I am tired.
Work is still juggling, but it's now seven completely different colored balls. They're still balls, though, and they don't seem to mind getting dropped now and again, and I'm finding dropped balls under the desk, the meeting room, the computer, the back of my dusty brain, and all through my e-mail. A little dusty, a little forlorn, but they still juggle nicely.
Jet's still sick. John's still sick. I'm still tired, but able to eat whatever I want and it's getting a little tiring. Still, Carl's March gift of plums arrived, and they are gorgeous and sweet as honey, with tart, smooth skins that yield nicely to the teeth. They will last at least the week, so Jet and John will get their tastes, too.
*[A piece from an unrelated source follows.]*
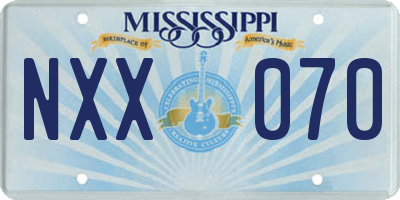 MS license plate NXX070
I often think that morals are what you do when things get really tough, and that arguing over them is like arguing about a life's experience. I do believe in thinking about morals, but I don't think that arguing about them is *thinking* about them. I often believe that if someone is arguing with me about morals, they must not believe in their morals enough to think they're worth keeping unless someone else agrees with them. I don't need anyone to agree with my morals to know that mine are worth keeping, and I am often baffled, angry, and frustrated by people who seem to believe that they must make me agree with them in order to somehow 'prove' the value of their morals.
I guess my view of morals is 'what you do when things get hard", and the moral will prove itself in those situations and the morals that fail are the ones where the consequences show the failure clearly. So the proof is in the pudding, not in the instructions on how to make the pudding. Which, of course, clearly and very succinctly shows why I'm always 'True Neutral' in all the alignment tests.
I don't mind discussing morals, so long as there isn't this undercurrent of "You're worthless unless you agree with me." But with the subject matter comes its own undercurrents.